Consistent with Carlisle’s stated Vision 2030 strategy, the Plasti-Fab acquisition leverages Carlisle’s mergers and acquisitions “M&A” engine and fulfills its three core M&A tenets including an embedded organic growth story with a 10-year track record of above market growth, identified hard cost synergies of $14 million largely related to Plasti-Fab’s vertically integrated polystyrene resin manufacturing capability that can be consumed across Carlisle’s combined EPS insulation footprint, and a strong management team that will play a significant role in supporting Carlisle Weatherproofing Technologies’ growth strategy and integration success utilizing the Carlisle M&A playbook.
Chris Koch, Chair, President, and Chief Executive Officer, said, “The acquisition of Plasti-Fab delivers vertically integrated polystyrene capabilities to our Insulfoam EPS business while adding scale, supporting retail channel growth, and filling key geographic gaps in the U.S. and Canada. This acquisition is consistent with Vision 2030 and our intent to build on our strategic pivot to a pure-play building products company with increased investment in innovation and a continued emphasis on synergistic M&A guided by our repeatable M&A model.
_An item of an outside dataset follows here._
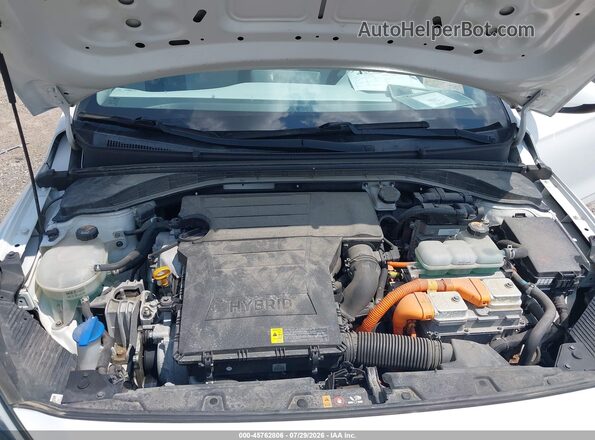 KMHC65LC1LU231108 2020 HYUNDAI IONIQ HYBRID Белый Вид сзади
I am confident that we will create significant value for all our stakeholders as we leverage the Carlisle Operating System across the Plasti-Fab business.”
The acquisition, which is subject to customary closing conditions, is expected to close in the fourth quarter of 2024.
Forward-Looking Statements
This press release contains forward-looking statements, including those with respect to the acquisition of Plasti-Fab, our ability to achieve expected cost synergies from the acquisition, our ability to integrate Plasti-Fab after the closing, and the anticipated timing of the closing of the transaction. These statements represent only Carlisle’s current belief regarding future events, many of which, by their nature, are inherently uncertain and outside of Carlisle’s control. Actual results could differ materially from those reflected in this press release for various reasons, including the failure of the parties to meet or waive closing conditions and the failure to receive required regulatory approvals. Carlisle disclaims any obligation to update forward-looking statements except as required by law.
Non-GAAP Measures
This press release also contains references to adjusted earnings per share and adjusted EBITDA, neither of which are recognized under U.S. generally accepted accounting principles. Carlisle believes that adjusted earnings per share and adjusted EBITDA are useful to investors because they allow for comparison to prior periods without the effect of items that, by their nature, tend to obscure core operating results due to potential variability across periods based on the timing, frequency, and magnitude of such items. As a result, the Company believes that these measures enhance the ability of investors to analyze trends in business and evaluate performance relative to peer companies. The Company is not providing reconciliations for these forward-looking non-GAAP financial measures because the Company is unable to predict with reasonable certainty the ultimate outcome of adjusted items without unreasonable efforts. These items are uncertain, depend on various factors and could be material to financial results computed in accordance with GAAP.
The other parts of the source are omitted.